そんな14歳は、今もきっと数十年前も変わらない。
メモした彼らの言葉の数々を書きません。
どうか劇場で、彼らの生の声を聞いてください。
忘れられないフレーズばかり。プロの脚本家には書けないです、あんなに真っ直ぐな言葉。

筆者は我が子に「 生まれてきてよかった 」と思ってもらうことが夢です。
そのような環境を作り、見守るよう努めています。後押しもしていません。
この作品の子どもたちは、バレンタインもホワイトデーも卒業式もきっと心の中で思っていたはず。
「 生まれてきてよかった 」
この言葉にならなくてもそれに似た感情を持ち、大人になってからこの時代を思い出し、つらいことがあっても「 あのとき、生まれてきてよかったと思えたんだから、この先またそう思うときが来る 」
そんな未来の勇気がぎっしり詰まった宝箱のような作品です。
竹林亮監督は2025年現在、児童養護施設の子どもの姿を描いた「 大きな夢 」でも有名です。

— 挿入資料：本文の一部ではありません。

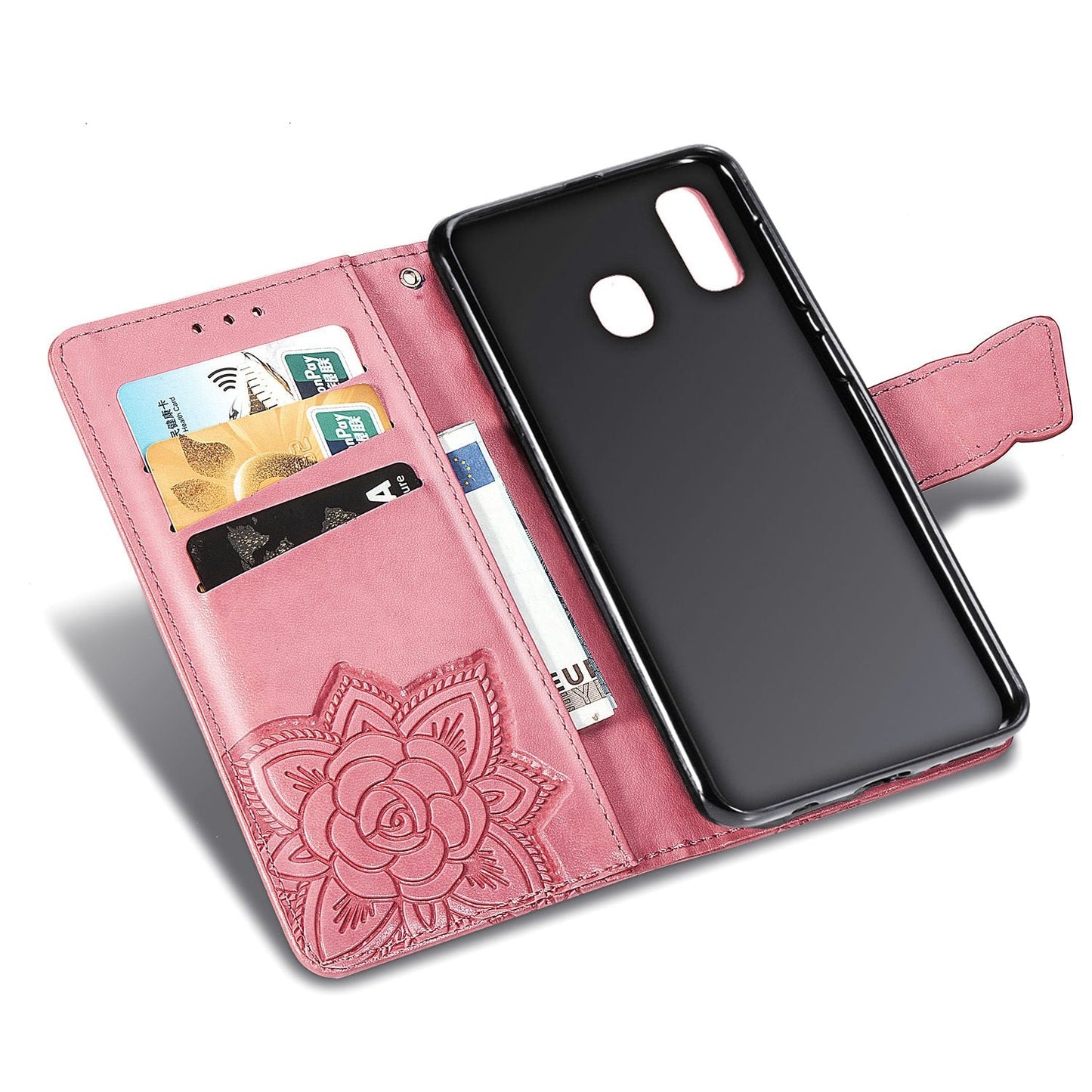Étui portefeuille à rabat en cuir avec papillons gaufrés de luxe pour Samsung A40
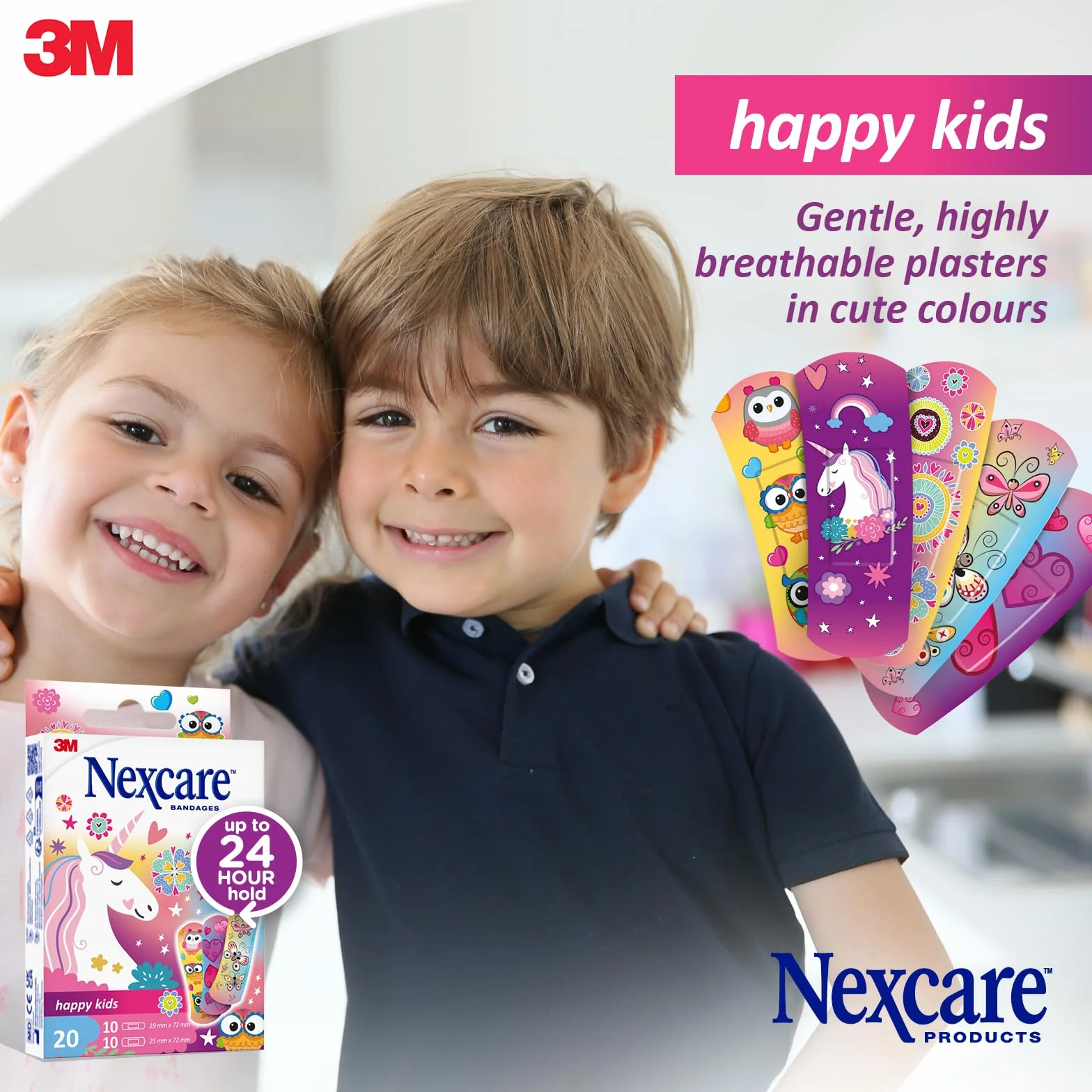 Nexcare Happy Kids Magic Różne paski, 20 sztuk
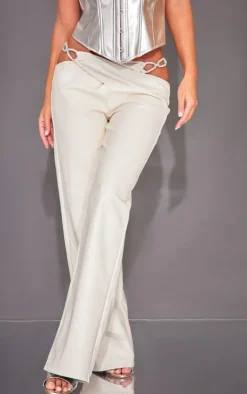 Cream Diamante Trim Faux Leather Low Rise Flares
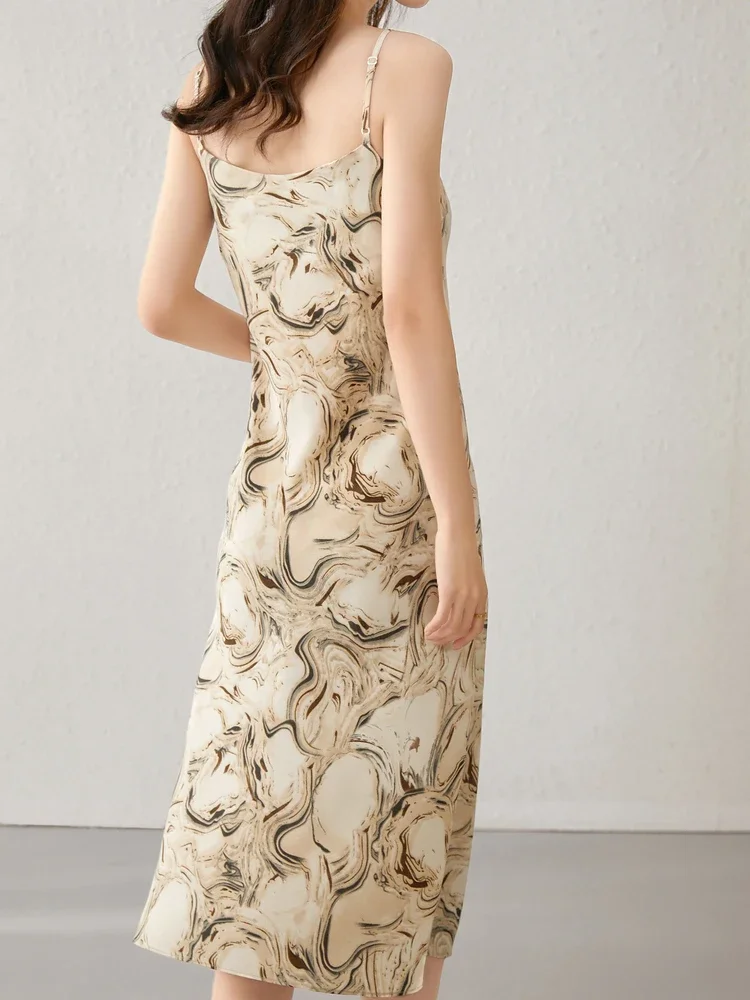 [US warehouse] SENTUBILA women's suspender mid-length printed dress, fashionable sundress, elegant lady's slim suspender dress
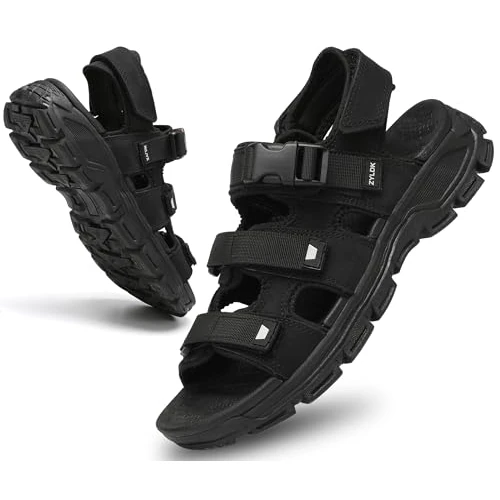 ZYLDK Sandales Homme Cuir Marche Randonnée Été Extérieur Bout Ouvert Chaussures de Sport Plage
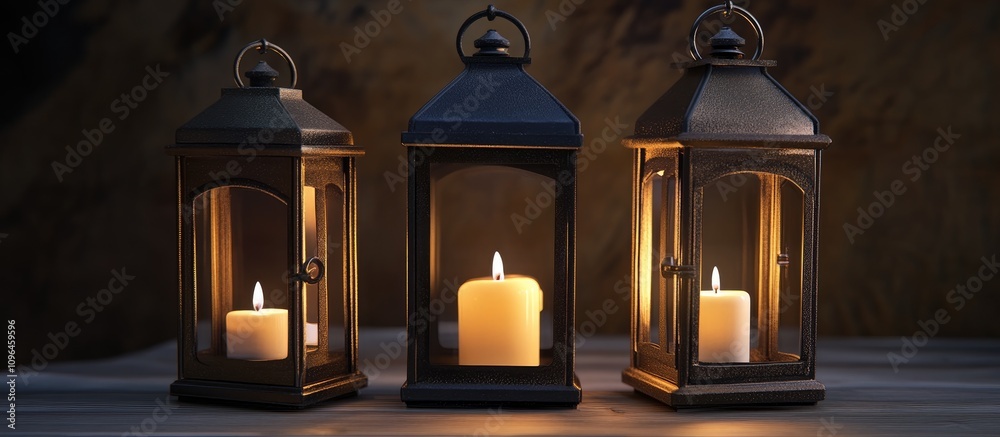 Poster festive christmas lanterns with glowing candles creating a warm and inviting holiday atmosphere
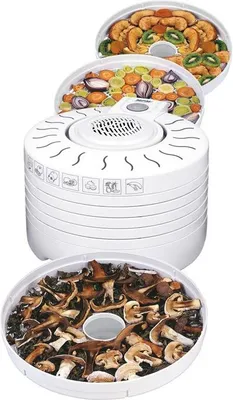 A white food dehydrator with multiple trays filled with various foods, including mushrooms, vegetables, and dried fruits.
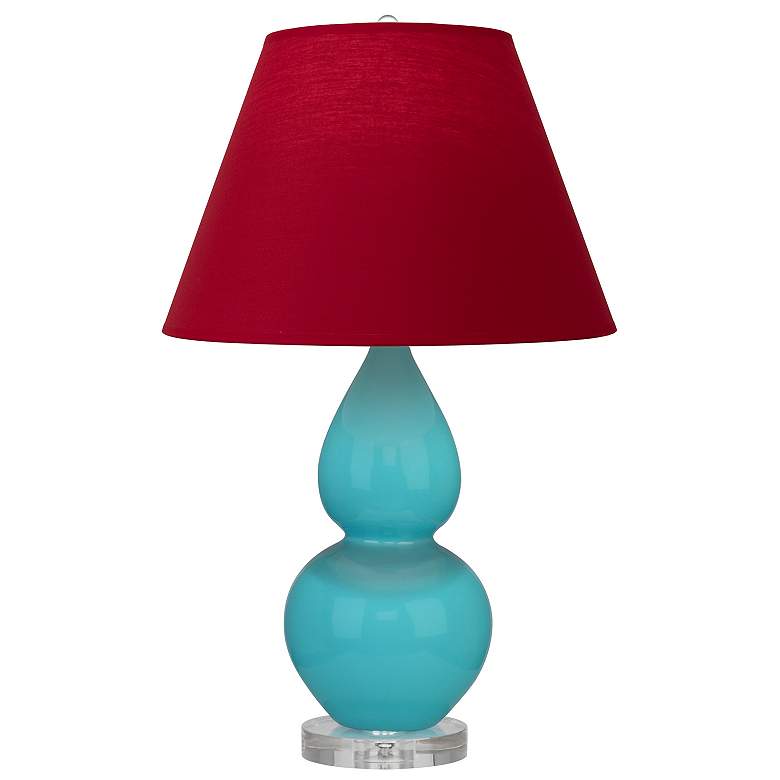 Image 1 Double Gourd 22"H Egg Blue And Lucite Accent Lamp w/ Rose Red Shade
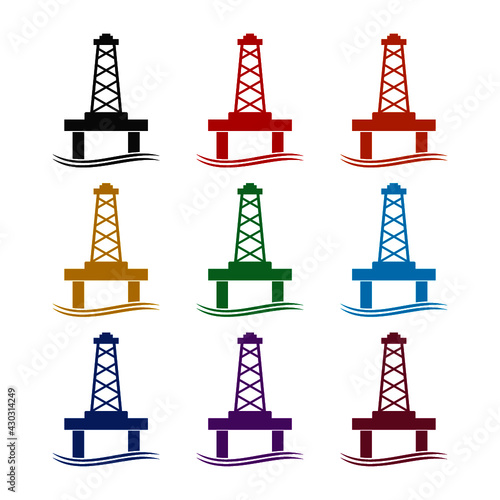 Oil and gas derrick sea icon isolated on white background color set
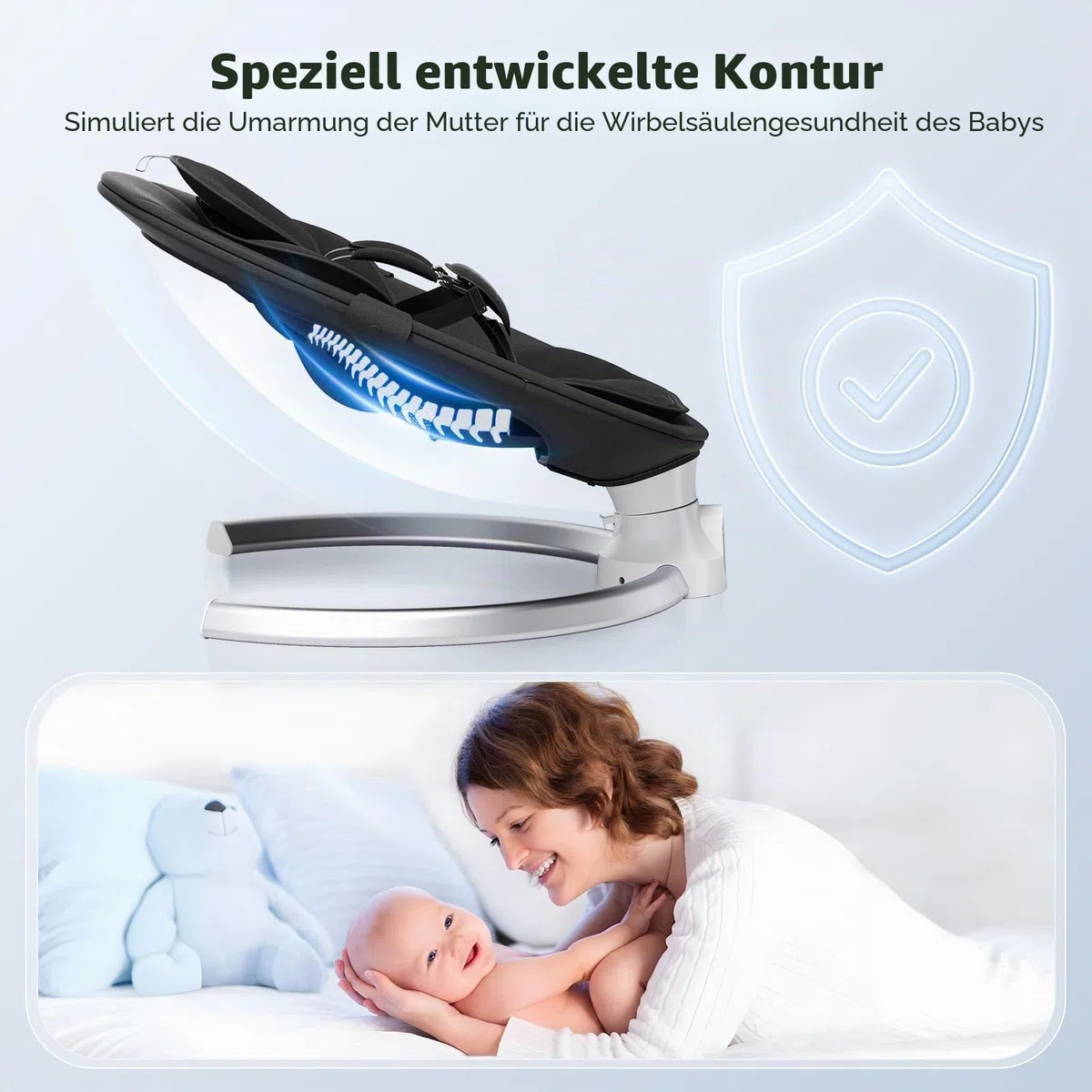 Elektrische Babywippe - Baby Schaukelstuhl für Neugeborene bis 9kg, 5 Schwinggeschwindigkeiten, Bluetooth & Musik, 3-fach Timer, Tragbar & Klappbar, Fernbedienung, Baby Schaukel für Zuhause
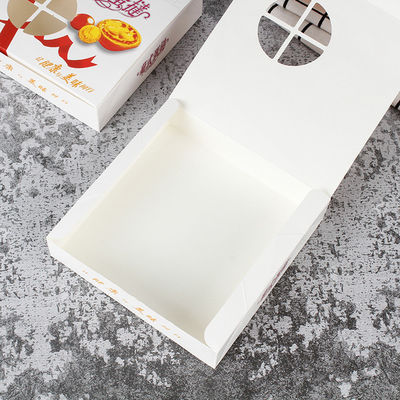 Caixa-presente de pastelaria de panificação deliciosa embalagem de alimentos com cartão branco 300G e material W9
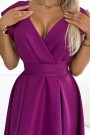  348-8 SCARLETT flared dress with a neckline - fuchsia with glitter 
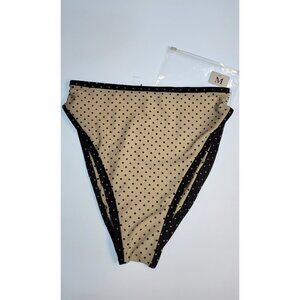 SAME Los Angeles Bottom Swim  Womens High Rise 90s Medium Polka Dots White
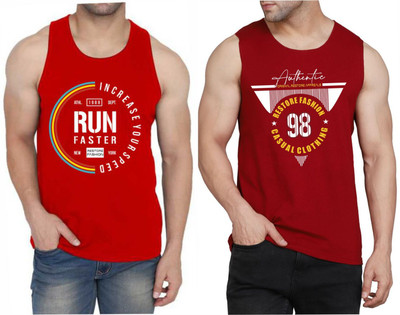 WOOSTRO Printed, Typography Men Scoop Neck Red, Maroon T-Shirt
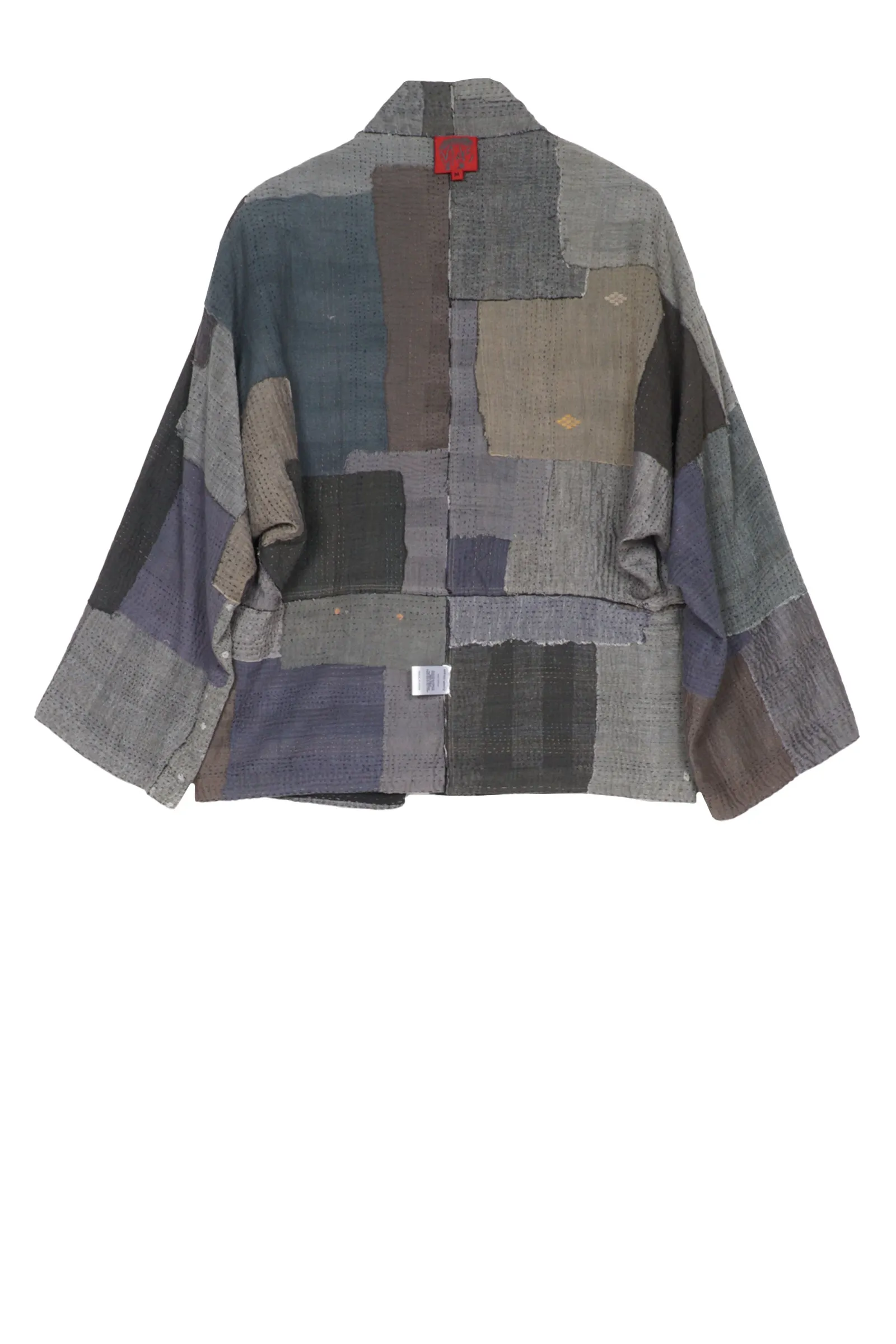 WOVEN STRIPE FRAYED PATCH BACK KANTHA DOLMAN SHORT JKT - wp2015-gry -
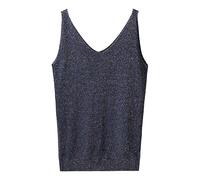 Haut à Paillettes pour Femme - Col en V - Chemisier à Paillettes - Gilet Festif - sans Manches - Crop Tops - Tenue Rave - Élégant - Couleur Unie - Débardeur à Bretelles Spaghetti - Nouvel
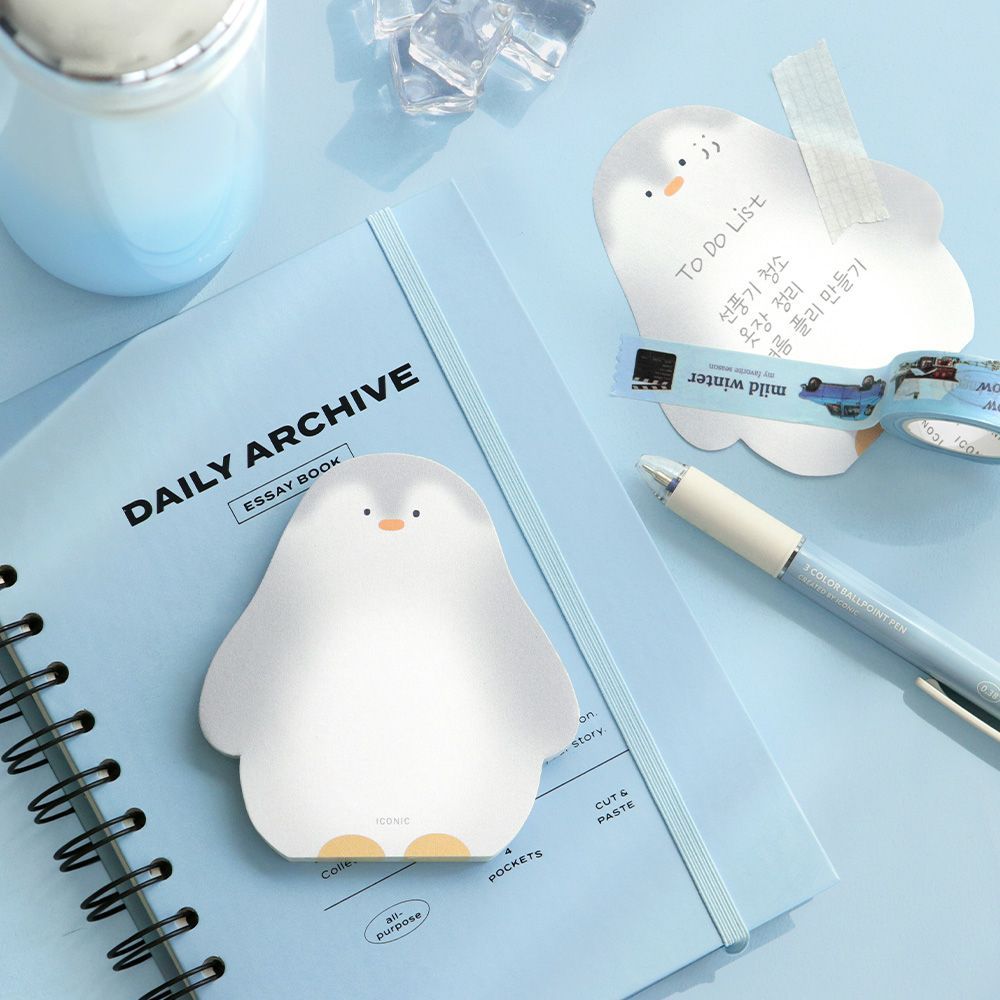 Animal Friends Mini Non-Adhesive Memo Pad – Hamster, Penguin, Dog & Cat
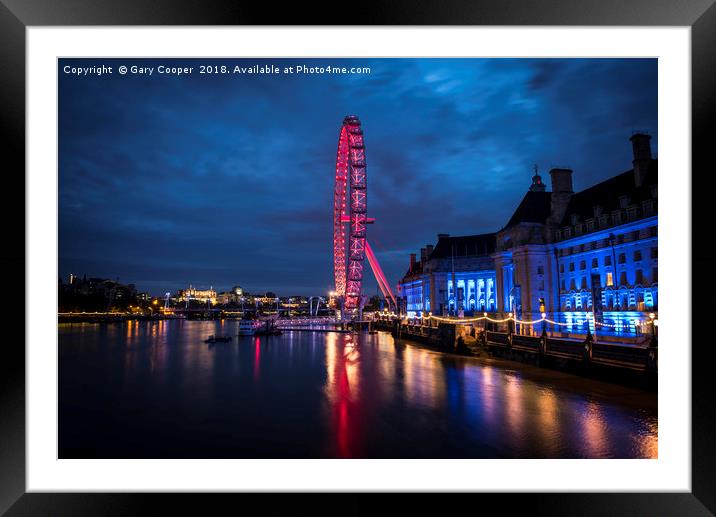London Eye at Night by The Thames Framed Mounted Print by Gary Cooper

この作品も視聴しているのですが、そのときに思ったのが「 後ろ姿を切り取るのが上手な監督 」ということです。
そしてそれはこの「 14歳の栞 」のときから変わっていないのです。
後ろ姿だから伝えられることを大切にしている監督なのだと思います。
真っ向から言えない気持ちも後ろ姿なら伝わる。
きっと竹林監督は、大人を題材にしても「 後ろ姿 」を大事に撮ると思います。
人は皆、不器用で、本当の優しさは後ろ姿に表れるとご存じだからだと思います。

川沿いに映える青空、菜の花の黄色、桜のピンク、セーラー服とポニーテール、サッカーボールと学ラン姿。
卒業生を送り出す彼らの一人ひとりに感謝の言葉を伝えたくなった作品でした。
筆者の本業は「 お母さん 」です。ライターである前に母であることを忘れてはいけない。
しかし気付くと、辛辣なことを思ったり、作品のいい点を見つけられなかったり、最近の自分は「 仕事 」としてしかドキュメンタリーを捉えられなくなっていました。
しかしこの作品は、本業である「 お母さん 」目線全開で楽しめました。
メモした言葉の数々を書きません、と書きました。
書かないのではなく、書けないのです。覚えてしまうほど鮮烈なのです。
そして一瞬たりとも目が離せない。彼らがたった2時間で大きく成長するのです。
この作品がどうして毎年この時期になると上映されるのか。
それは皆、新生活への不安を抱いているからではないでしょうか。
その不安をかき消してくれる35人のパワーを受け取ってください。
母としての感想になってしまい、考察記事にはなっていませんね。
それくらい、つまり仕事を忘れさせてしまうくらい、素晴らしい作品なのです。
これを読んで「来年の春まで待てない!」と思ってくれたら記事としては合格かな。
公式サイトをご確認の上、ぜひ今すぐ劇場へ!
花冷えも吹き飛ばす14歳たちに出会ってください。